Having read a great deal of physics books and knowing many of the arguments for and against string theory, the anthropic principle, and cosmological intelligent design, I found Susskind's treatment and defense of his stance to be disappointing and muddled. The reader is left with a great deal of missing steps in his thinking, and like many string theorists, Susskind assumes the reader will accept that string theory and a multiverse system are facts from which to explore the issues. However, Susskind never establishes just why the reader should make these assumptions, and it leaves a lot of hollow ground hindering his argument.
Combined with the lack of any real attack on the "illusion of intelligent design", this sort of writing is a let down for me. I like Susskind and have watched many of his panel discussions where he is both thoughtful and clear. However, I've also watched a few of his seminars and, unfortunately, this book reads much more like his rambling, at times incoherent lectures than it does his focused and insightful panel debates. Three stars and only recommended for curious physics readers wanting to get Susskind's arguments first hand.
Book Review: Coming of Age in the Milky Way by Tim Ferris


(out of 5 stars)
Tim Ferris has a gift for writing history of science books, and many consider Coming of Age in the Milky Way his best. I have to agree. The history of astronomy and physics presented here is fantastic and engaging. Ferris has a great pace and narrative, and offers the reader a well-developed and engrossing look at what other authors have turned into a dry dissertation.
The book takes the reader through a timeline of discovery as humans came to understand various bis about their place in the universe. Early ideas, such as those of Aristole and Ptolemy are explored. The discussion of how scientists such as Copernicus, Brahe, Kepler, Gallileo, and Newton (among others) came to notice and explore phenomena left unexplained by existing theories. As humans expanded their understanding of the depths and reach of space, the progress from the Ancient Greeks to the notion of an expanding universe takes on a fascinating and is woven by Ferris into an epic tapestry of scientific discovery.
The second part of the book looks at the notions of Time as they progressed from various ancient theories to the modern understanding that the universe as we know it is many billions of years old.

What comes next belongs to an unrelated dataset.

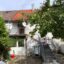 Sanierungsfahrplan von einem Mehrfamilienhaus in Schönaich (Baden-Württemberg) – Gartenansicht des Gebäudes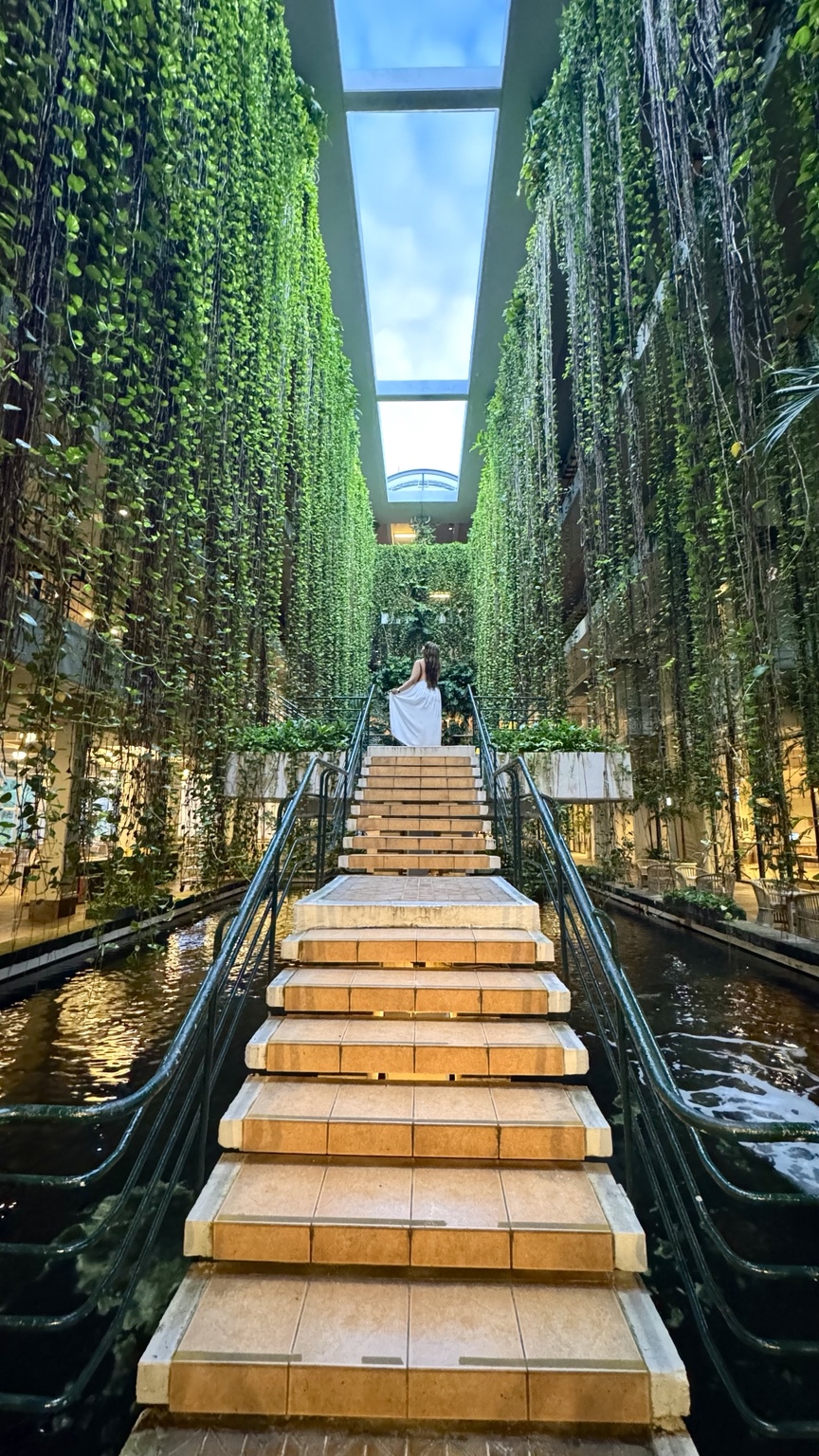 Jennifer ascending a staircase surrounded by hanging greenery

Part Three offers a look at theories of creation, from the quantum nature of things to the concepts which developed into the Big Bang and inflationary theory. The weakest parts of the book are found in Chapters 19 and 20, where the science behind a couple of points in Ferris's narrative has become dated and shown inaccurate (the book was published in 1989). Specifically, the concept of an expanding universe which is slowing down its acceleration has been trumped by modern research (recent discoveries point to an acceleration which is increasing). Also, Ferris describes the nature of the pre-Big Bang singularity first posited by Stephen Hawking and others, a concept which Hawking has vehemently backed away from since Coming of Age was published, and Hawking now no longer supports this theory.
Still, Coming of Age is an enjoyable read for anyone who likes astronomy or history of science books. Ferris is an accomplished author whose work is easily approached by novices and delightful for those with experience. Four stars.

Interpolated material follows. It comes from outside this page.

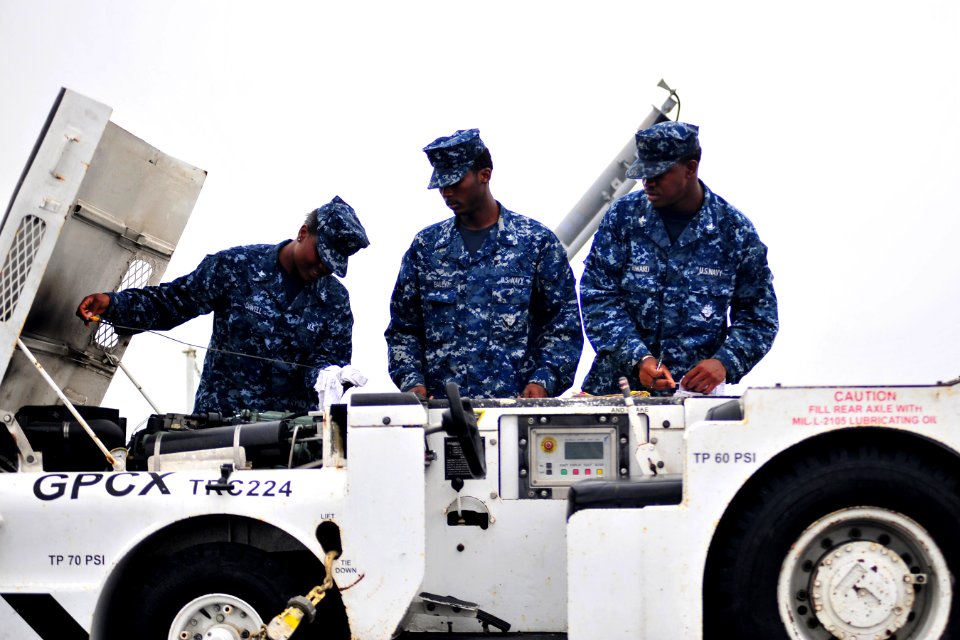 US Navy 101013-N-2953W-551 Sailors conduct pre-operational and functional checks on a tractor aboard the aircraft carrier USS Carl Vinson (CVN 70)
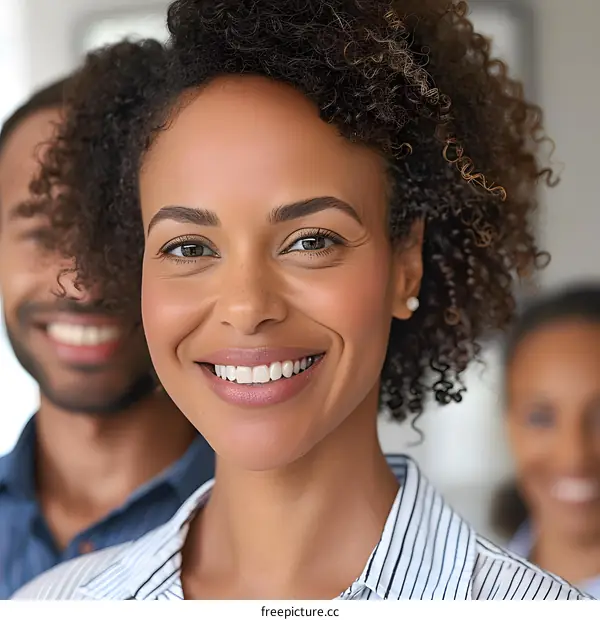 Smiling woman with curly hair and two other people in background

Book Review: Origins: Fourteen Billion Years of Cosmic Evolution by Neil deGrasse Tyson


(out of 5 stars)
Astrophysicist Neil deGrasse Tyson has taken up the reins from the late Carl Sagan as the leading advocate for science education and instructional entertainment. Seen on outstanding programs such as PBS's NOVA series (which he now hosts), Tyson has Sagan's gift for expressing enthusiam for science which is infective. Origins, which Dr. Tyson wrote with astronomer Donald Goldsmith, offers the reader straightforward glimpses at some of the most fascinating processes and products in our Universe, from galactic clusters to biological evolution.
The writing in Origins is approachable by any level of science reader. There are only a couple of places where complex terms might fly over the head of a novice, but the authors keep the book focused on educating a reader new to the subjects without a dense recital of the math and theory behind each one.

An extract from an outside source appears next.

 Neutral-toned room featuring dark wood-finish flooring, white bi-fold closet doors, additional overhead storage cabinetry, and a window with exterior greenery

The opening chapters deal with the early Universe, including the problems and possibilities of dark matter and dark energy, and then move on to galaxies and stars.
The authors spend a short time on planets before moving on to biological origins of life on earth and the possibilities of discovering life or the conditions which make life possible somewhere other than Earth.
While most of this information is well-known to any intermediate science reader (and likely to a great number of novice readers), the presentation is engaging and, in Tyson's unique way, enlightening even on subjects with which the reader is already familiar. The way chemistry is weaved into the discussion of star and planet formation, as well as how life depends on specific chemistries (or possibly not, as is also discussed) was very presented and added an excellent layer of insight into the astrophysical subject matter. Highly recommended for novice readers or for anyone who loves to read popular science that isn't dumbed down but also is not densely packed with high-level science jargon and data. Four stars.
Book Review: Life of the Cosmos by Lee Smolin


(out of 5 stars)
Having read and loved both of physicist Lee Smolin's more recent books, Three Roads to Quantum Gravity and The Trouble With Physics, I picked up a copy of Life of the Cosmos, his first book. Life centers around Smolin's theory of cosmological natural selection, a proposal which directly counters the weak anthropic cosmological arguments. While Smolin is a brilliant scientist, this first book left a lot to be desired, especially when compared to the two books he has since released. I expected this to be much more a work of philosophy of science, which it was, but the awkward structure and presentation make it a mixed bag for the reader.
Published in the late 1990s, this book was Smolin's first attempt to bring physics to a popular science audience. However, from the first few chapters, it is clear that the book's organization and argument style are cloudy at best. Smolin gives the reader a muddled set of preliminary background, a great deal of which has little to do with explaining his cosmological natural selection theory.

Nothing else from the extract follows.